Menetapkan qishash dengan dua orang saksi

Menetapkan qishash dengan dua orang saksi
عَنْ رَافِعِ بْنِ خَدِيْجٍ قَالَ: اَصْبَحَ رَجُلٌ مِنَ اْلاَنْصَارِ بِخَيْبَرَ مَقْتُوْلاً، فَانْطَلَقَ اَوْلِيَاءُهُ اِلَى النَّبِيّ ص. فَذَكَرُوْا ذلِكَ لَهُ فَقَالَ: لَكُمْ شَاهِدَانِ يَشْهَدَانِ عَلَى قَتْلِ صَاحِبِكُمْ؟ فَقَالُوْا: يَا رَسُوْلَ اللهِ، لَمْ يَكُنْ ثَمَّ اَحَدٌ مِنَ اْلمُسْلِمِيْنَ، وَ اِنَّمَا هُمْ يَهُوْدُ، قَدْ يَجْتَرِئُوْنَ عَلَى اَعْظَمَ مِنْ هذَا، قَالَ: فَاخْتَارُوْا مِنْهُمْ خَمْسِيْنَ فَاسْتَحْلِفُوْهُمْ. فَوَدَاهُ النَّبِيُّ ص مِنْ عِنْدِهِ.

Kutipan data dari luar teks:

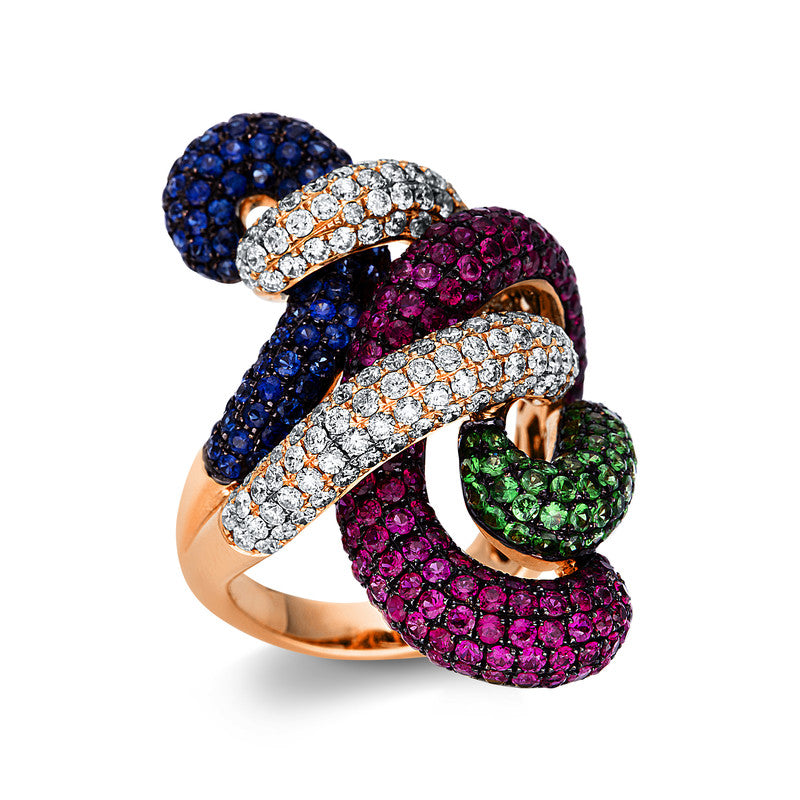 Ring 18 kt RG. 165 Brillanten 2.03 ct. TW-si. 96 Saphire 1.44 ct blau. 159 Rubine 2.42 ct rot. 68 Tsavorith 1.00 ct grün. Weite:54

Dari Rafi’ bin Khadij, ia berkata : Ada seorang laki-laki dari Anshar terbunuh di Khaibar, maka para walinya pergi menghadap Nabi SAW lalu mereka menyampaikan hal itu kepada beliau. Lalu Nabi SAW bersabda, “Apakah mamu bisa membawa dua orang saksi yang menyaksikan terbunuhnya saudaramu itu ?”. Mereka menjawab, “Ya Rasulullah, disana tidak ada seorang pun dari kaum muslimin, mereka adalah orang-orang Yahudi yang kadang-kadang mereka berani (berbuat) yang lebih besar dari ini”. Nabi SAW bersabda, “Pilihlah lima puluh orang diantara mereka lalu sumpahlah mereka itu”. Kemudian Nabi SAW membayar dendanya dari diri beliau sendiri”. [HR. Abu Dawud]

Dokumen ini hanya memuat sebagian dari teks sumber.